File:III Palazzo Jennings Riccioli, Firenze, Italy.jpg|thumb|upright|Forster and his mother stayed at Pensione Simi, which was located in Palazzo Jennings Riccioli, Florence, in 1901. Forster took inspiration from this stay for the Pension Bertolini in A Room with a View.
Forster's third novel, A Room with a View, is his lightest and most optimistic. It was started in 1901, before any of his others, initially under the title Lucy. It explores young Lucy Honeychurch's trip to Italy with a cousin and the choice she must make between the free-thinking George Emerson and the repressed aesthete Cecil Vyse. George's father Mr Emerson quotes thinkers who influenced Forster, including Samuel Butler. It was adapted as a film of the same name in 1985 by the Merchant Ivory team, starring Helena Bonham Carter, Maggie Smith, Julian Sands, Denholm Elliott and Daniel Day-Lewis, and as a televised adaptation of the same name in 2007 by Andrew Davies.
Where Angels Fear to Tread and A Room with a View can be seen as Forster's Italian novels. Both include references to the famous Baedeker guidebooks and concern narrow-minded middle-class English tourists abroad. The books share themes with his short stories collected in The Celestial Omnibus and The Eternal Moment.
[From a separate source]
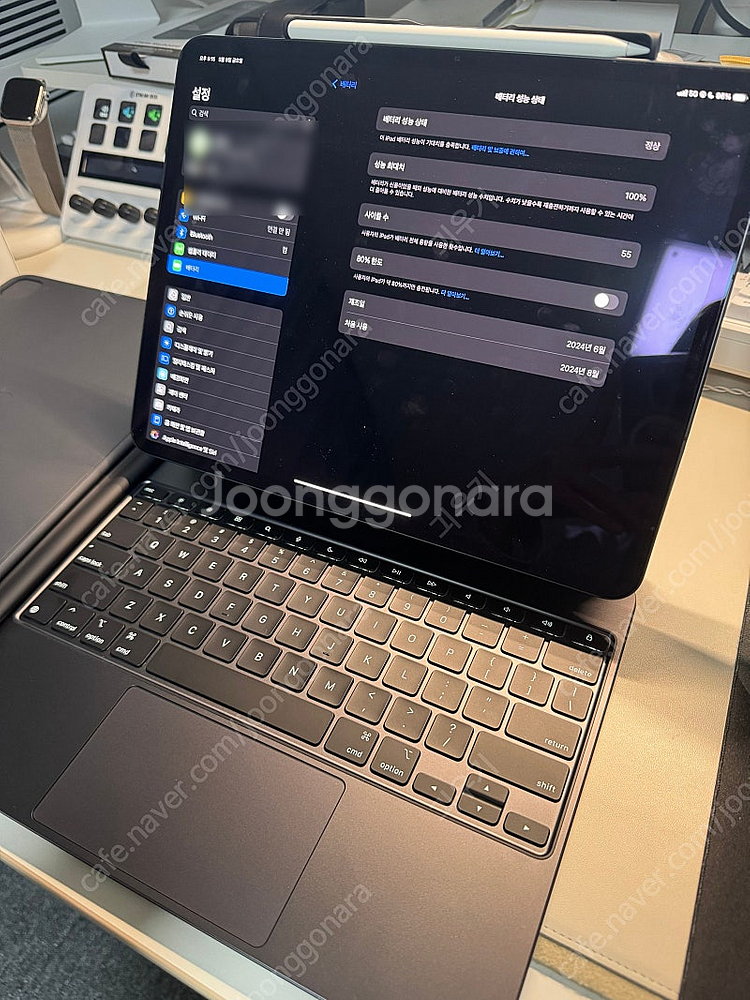 아이패드 프로 M4 13 256G 셀룰러 풀세트 매직키...--1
Howards End is an ambitious "condition-of-England" novel about various groups among the Edwardian middle classes, represented by the Schlegels, the Wilcoxes and the Basts. Howards End was adapted as a film in 1992 by the Merchant-Ivory team, starring Vanessa Redgrave, Emma Thompson, Anthony Hopkins, and Helena Bonham-Carter. Thompson won the Academy Award for Best Actress for her performance as Margaret Schlegel. It was also adapted as a miniseries in 2017. An opera libretto Howards End, America was created in 2016 by Claudia Stevens.
Forster's greatest success, A Passage to India takes as its subject the relations between East and West, seen through the lens of India in the later days of the British Raj. Forster connects personal relations with the politics of colonialism through the story of the Englishwoman Adela Quested, the Indian Dr. Aziz, and the question of what did or did not happen between them in the Marabar Caves. Forster makes special mention of the author Ahmed Ali and his Twilight in Delhi in a preface to its Everyman's Library Edition. The novel was awarded the James Tait Black Memorial Prize for fiction. A Passage to India was adapted as a play in 1960, directed by Frank Hauser, and as a film in 1984, directed by David Lean, starring Alec Guinness, Judy Davis and Peggy Ashcroft, with the latter winning the 1985 Oscar for Best Supporting Actress.
Maurice, published posthumously, is a homosexual love story that also returns to matters familiar from Forster's first three novels, such as the suburbs of London in the English home counties, the experience of attending Cambridge, and the wild landscape of Wiltshire. The novel was controversial, given that Forster's homosexuality had not been publicly known or widely acknowledged. Today's critics continue to debate over the extent to which Forster's sexuality and personal activities influenced his writing. Maurice was adapted as a film in 1987 by the Merchant Ivory team. It starred James Wilby and Hugh Grant who played lovers and Rupert Graves, with Denholm Elliott, Simon Callow and Ben Kingsley in the supporting cast.
Early in his career, Forster attempted a historical novel about the Byzantine scholar Gemistus Pletho and the Italian condottiero Sigismondo de Malatesta, but was dissatisfied with the result and never published it, though he kept the manuscript and later showed it to Naomi Mitchison.